* **Required action**
Write out exactly the lines below from the one containing "고딸영문법1.2 택포15000원" to the last, both ends kept, and nothing more; skip all pictures.

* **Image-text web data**
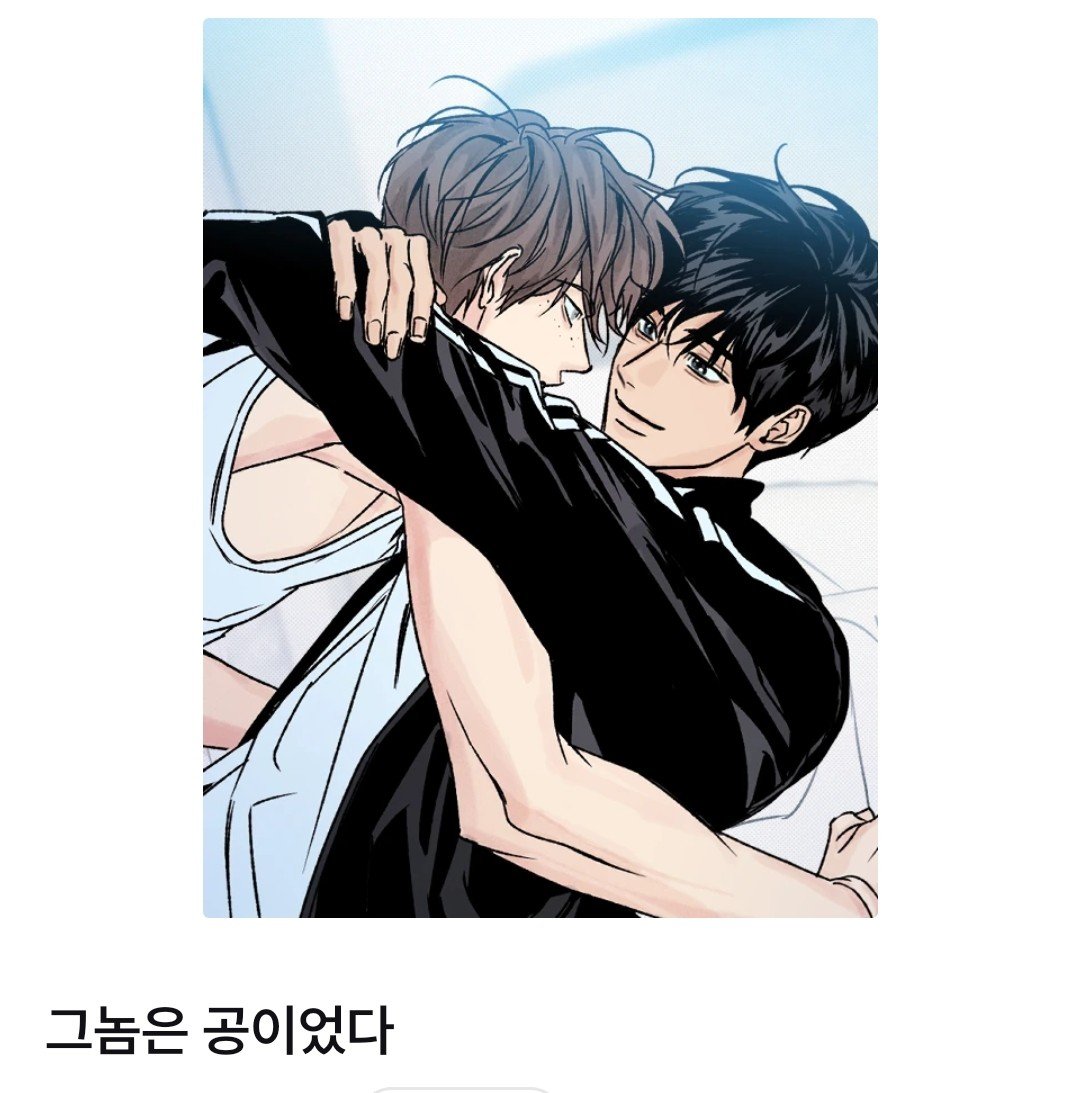 jun0__2's tweet photo. 어 미친 표지 바꼈어 https://t.co/n0FclayMd2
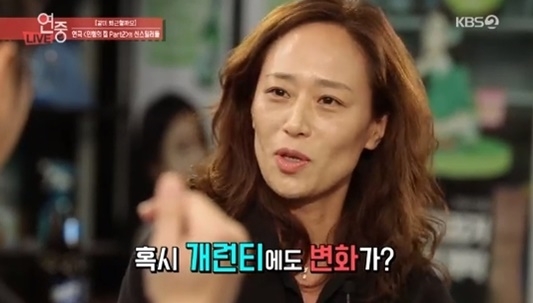 사진=KBS2 '연예가중계' 캡처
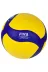 Süper Composite Fıvb Onaylı Özel Resmi Voleybol Maç Topu 3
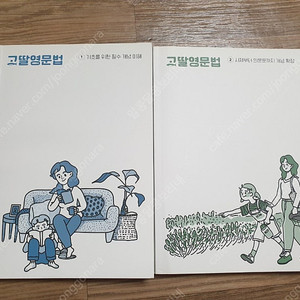 고딸영문법1.2 택포15000원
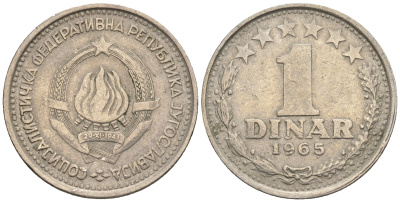 Югославия 1 динар 1965 KM 47 медно-никель 85-531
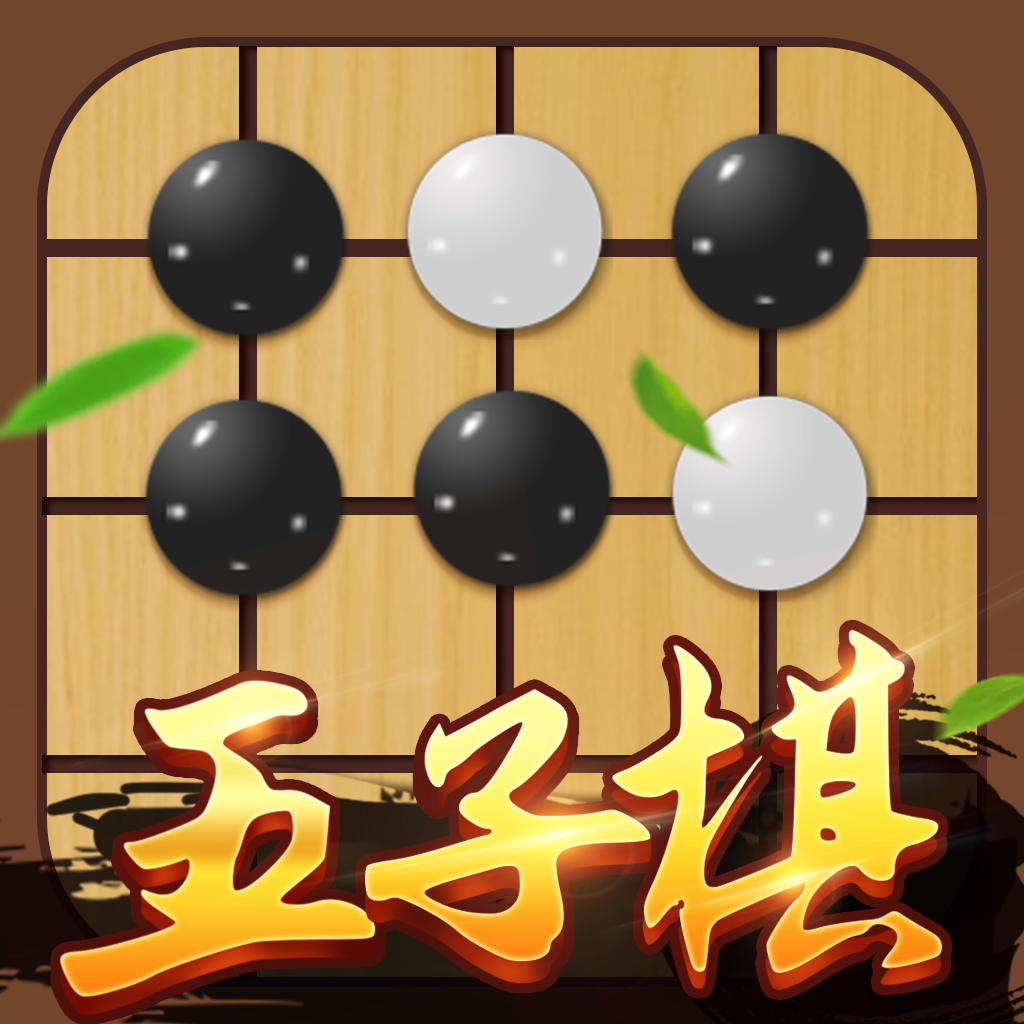 五子棋對弈版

* **Task result**
 고딸영문법1.2 택포15000원
 Югославия 1 динар 1965 KM 47 медно-никель 85-531
 五子棋對弈版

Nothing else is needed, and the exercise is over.